I don’t usually give advice on creating cynical ploys to steal from people, but I think if you’re going to claim that you’re a prophet from God, you should have a splashy story. Something like “I was struck by lightning while holding a bible and a hamburger phone and now I can talk to God and also have a deep spiritual connection to the beef industry” or something. There’s none of that here. There’s just a series of books where a man claims to interview various celebrities from Heaven while just barely maintaining a wafer-thin veneer of believing his own bullshit. And the first celebrity he started with was famously uncontroversial pop star, Michael Jackson.
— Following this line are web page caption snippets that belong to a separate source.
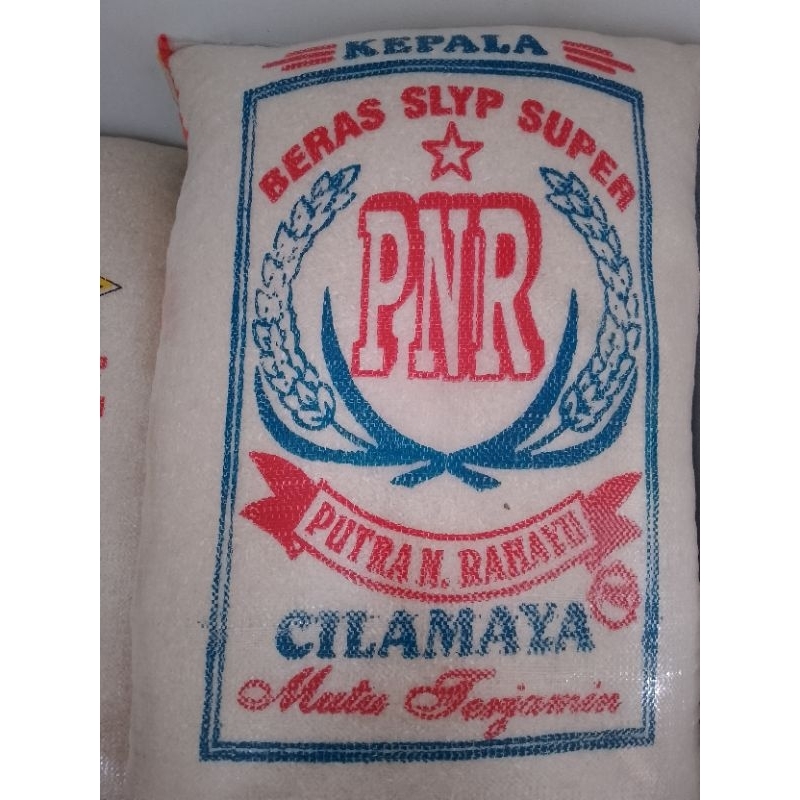 

Beras Kepala Slyp Super PNR Putran Ranayu Cilamaya 5kg pulen super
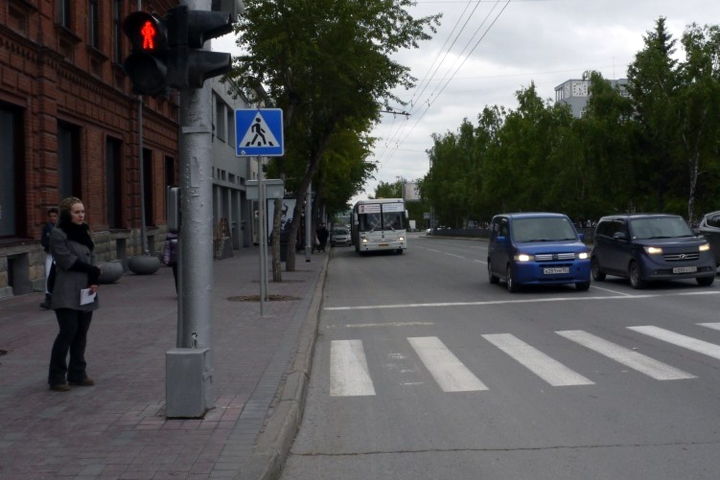 Новосибирцев опросят о размещении выделенных полос на магистралях Новосибирцев опросят о размещении выделенных полос на магистралях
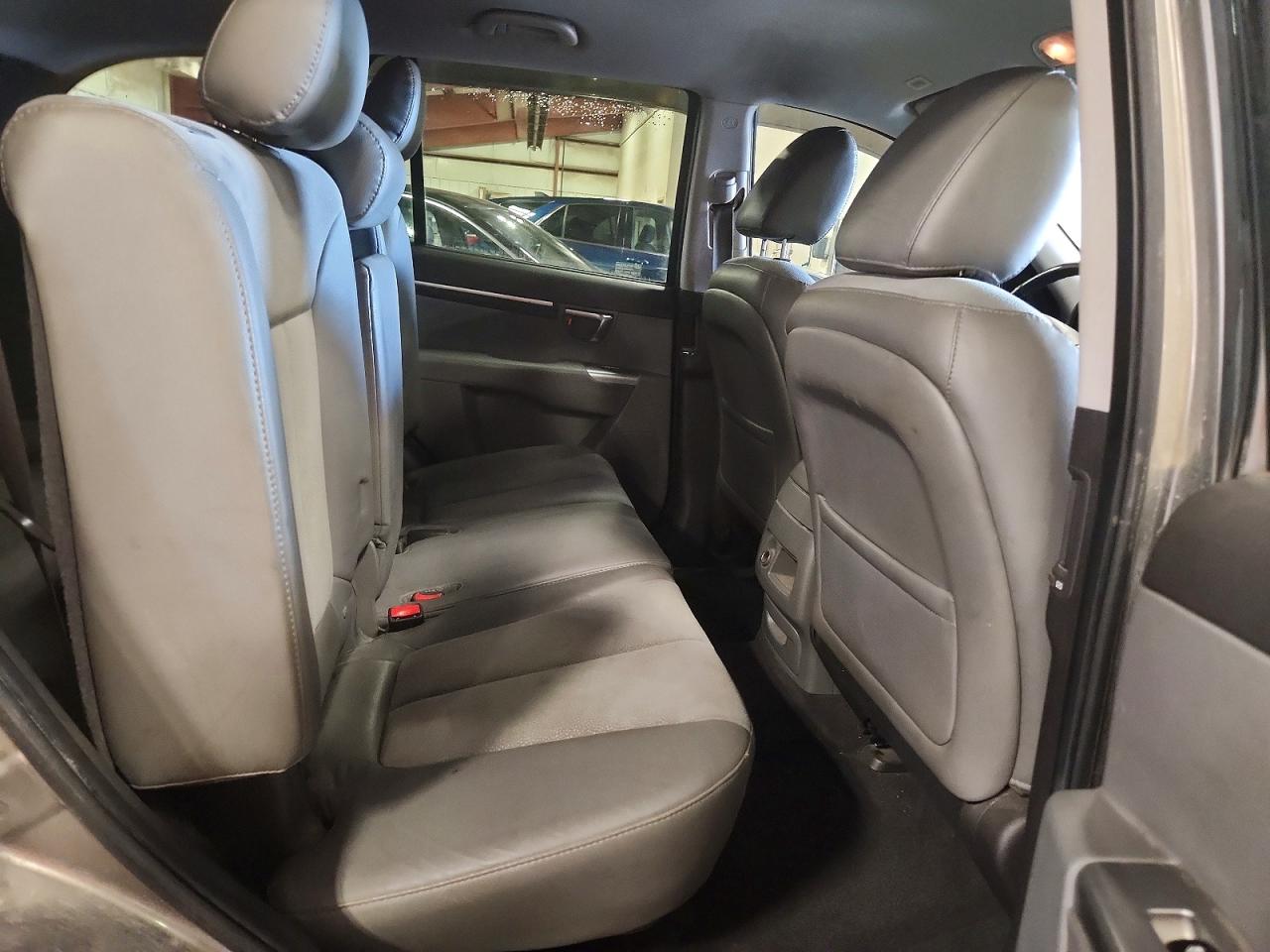 2011 HYUNDAI SANTA FE SE photo 21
Seriously, this guy made a website for his prophetic ministries that says right on it: “My ministry objective is to sell my books for 99 cents on Kindle unless I am giving them away.” L. Ron Hubbard would come back to life just to shit his pants if someone put on the Scientology website that the goal of Scientology was to sell books and not cure people of sadness, ghosts, or whatever.
He also says that the Lord “put it in his heart” to request donations for his personal prophecies which he sells on his website. So, God is a capitalist, apparently. The Lord has called upon me to tell you to donate to 1900HOTDOG.com that we may fill our coffers with radical shit like a whole bunch of skateboards and whatever Sean and Brockway want, probably more skateboards I assume.
On top of personal prophecies, he also offers “trips to heaven,” which seem to take place over Zoom and cost one hundred dollars, BUT they are difficult to coordinate because Heaven is in a different time zone, so if you’re unable to connect to Heaven the prophet will graciously refund you fifty dollars! This is in no way a perpetual fifty dollars machine created by a con artist exclusively for the very stupid.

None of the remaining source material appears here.